5. Algumas medidas "especiais" foram tomadas para conformar a população: a ocupação
integral de produtores incapacitados por idade ou doença; tentativa de reprodução
da organização espacial das família de suas antigas vizinhanças; organização da
transferência pela comunidade e, por fim, a autonomia dos produtores pra escolher
seus itens de cultivo.

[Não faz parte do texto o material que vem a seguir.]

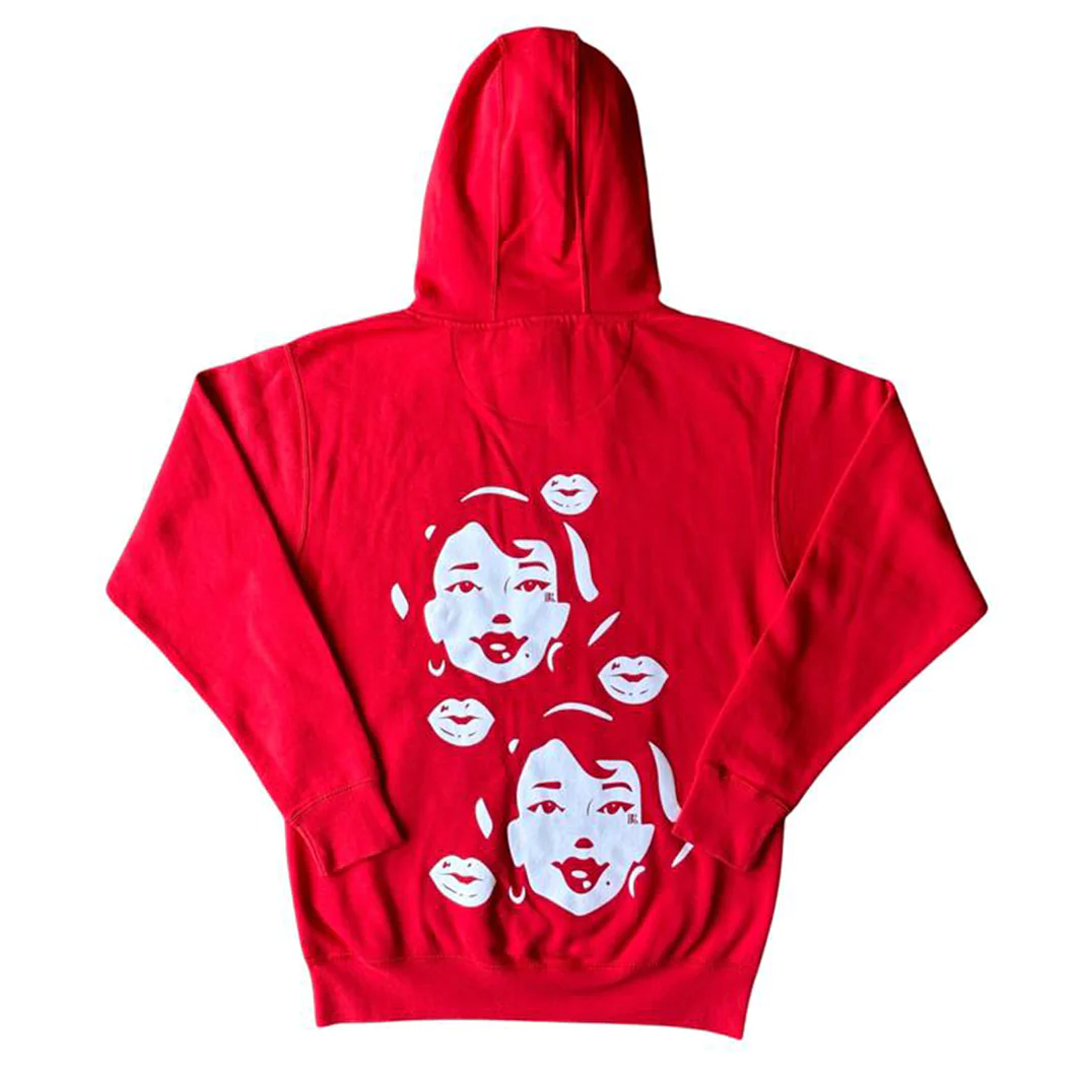 Lady Double R Red Hoodie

Apenas uma parte da terra era de cultivo orientado e de uso
facultativo.

Conclusões

1. O projeto da barragem foi repleto de atos autoritários e sem qualquer tipo de


diálogo com a população, que se desgastava com os agentes de execução, mais
ocupados em fiscalizar o projeto do que em incentivar a produção.
2. Para muitos dos proprietários, esse regime de reassentamento era um "cativeiro".
3. A transferência de terras era custosa para o pequeno produtor, que tinha de
gastar com anuidades da operação.
4. O grande beneficiário desse projeto, mesmo, foi o capital industrial e os
verdadeiros indenizados foram as oligarquias latifundiárias.
5. As populações trabalhadoras, pagadoras de impostos, foram os credores dessa
aventura, sem contrapartida dos beneficiários do grande capital.
6. Mesmo com tantas indignidades, os pequenos produtores provaram ser excelentes
benfeitores das terras que tiveram direito, produzindo grandes safras.
7. Na prática, os colonos não tinham a propriedade de suas terras e eram, na
verdade, trabalhadores a domicílio subservientes a uma "tecnocracia
esterilizadora". Muito mais proveitoso, avalia a autora, seria desburocratizar os
regulamentos e dar apoio financeiro e técnico aos colonos.
8. A obra da barragem foi mais uma forma do capital industrial subordinar a
produção agrícola aos seus interesses com o auxílio do Estado.
9. A barragem foi um "bem público" para benefício do setor privado. Socialização
dos custos e privatização dos lucros.
10. As relações de dominação de classe eram mascaradas, de forma que as verdadeiras
autoridades e agentes beneficiários da obra ficavam protegidos da revolta popular
que era direcionada aos trabalhadores diretos.
11. O discurso do "desenvolvimento" foi justificador de sacrifícios impostos à
população para benefício do capital industrial, aliado de uma legislação capciosa,
encobriam as vantagens das quais esse capital se beneficiava.
12. Por fim, a redistribuição das terras beneficiou largamente as oligarquias e a
agroindústria, demonstrou que reformas parciais apenas reeditam no médio e longo
prazo as antigas relações de posse e produção que se julgava superar.